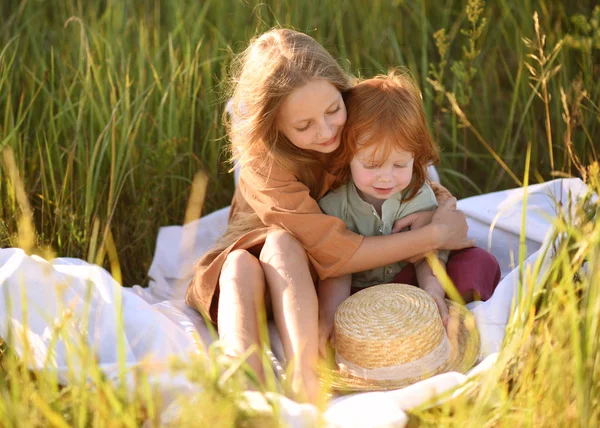 Portrait Boy Girl Summer — Stock Photo, Image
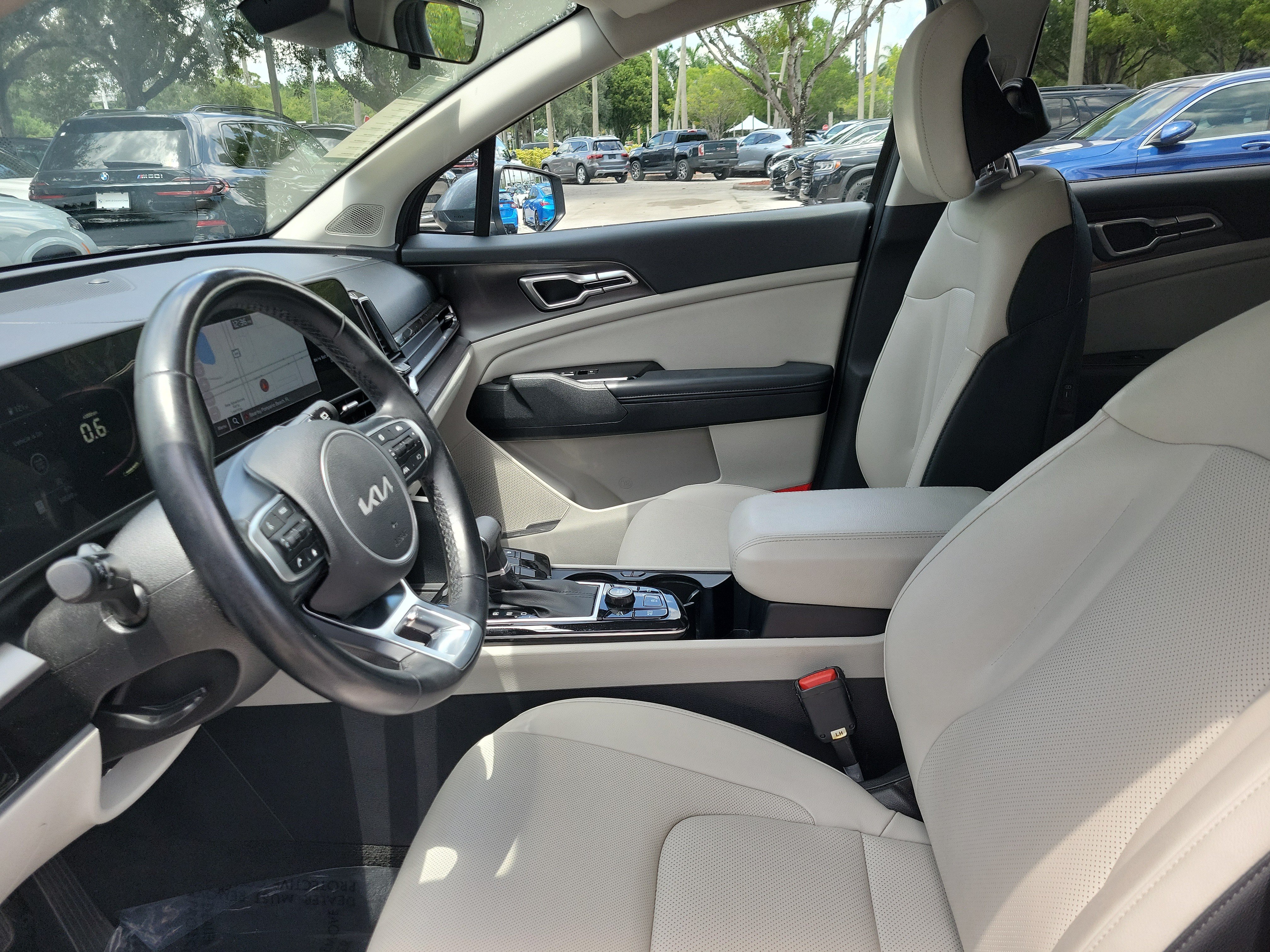 Used 2023 Kia Sportage EX FWD image 10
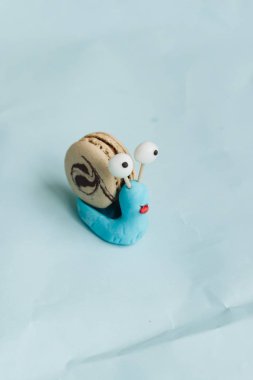 yaratıcı salyangoz dekorasyon ile mavi masada lezzetli acıbadem kurabiyesi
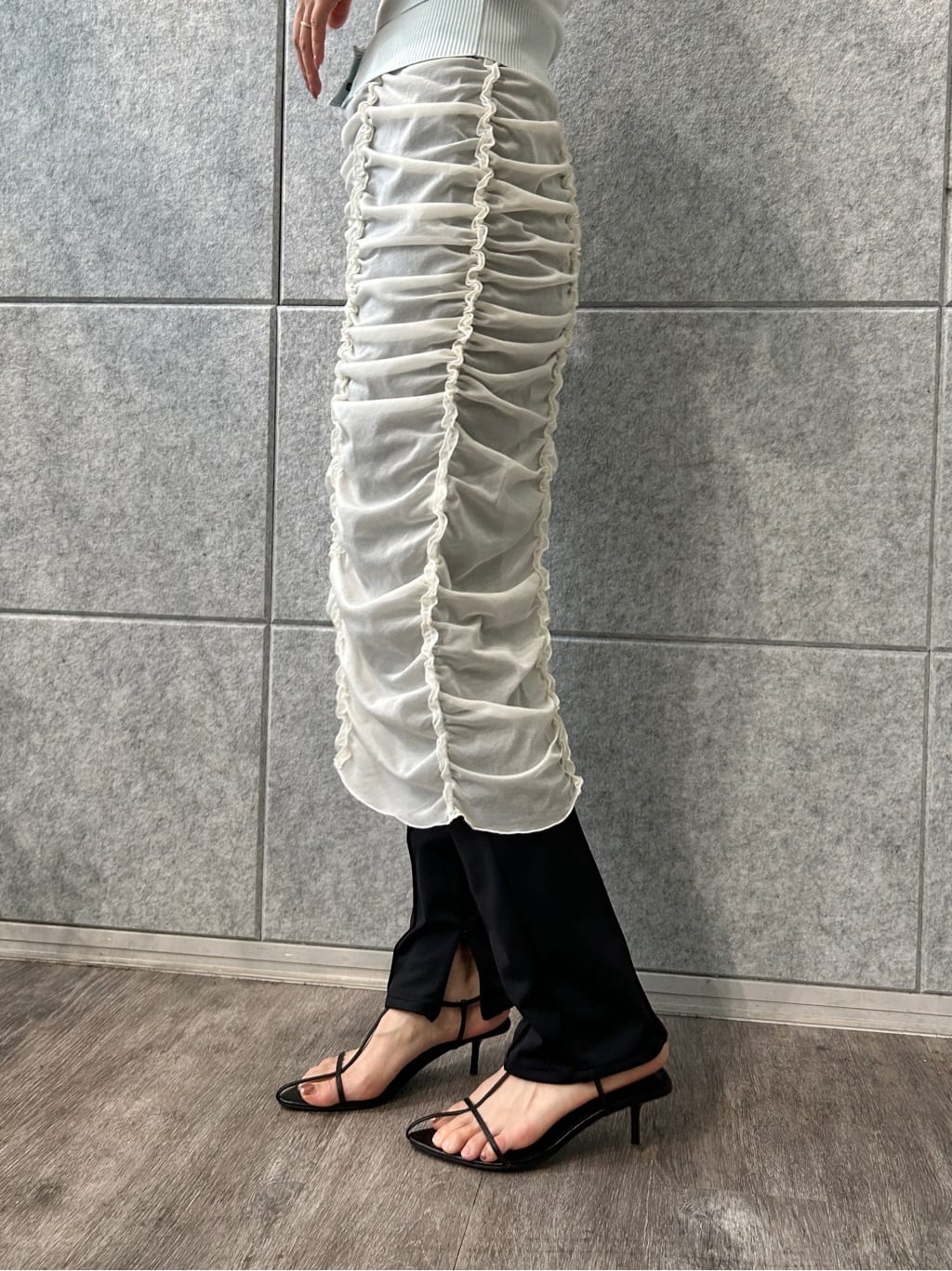 harunaさんの「CODE A｜design knit tank」を使ったコーディネート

Task details. Your task is to restate word for word the lines from the line holding "yaratıcı salyangoz dekorasyon" through the final line of the listing, both included, but none of the pictures.

Solution to this problem.
 yaratıcı salyangoz dekorasyon ile mavi masada lezzetli acıbadem kurabiyesi
 harunaさんの「CODE A｜design knit tank」を使ったコーディネート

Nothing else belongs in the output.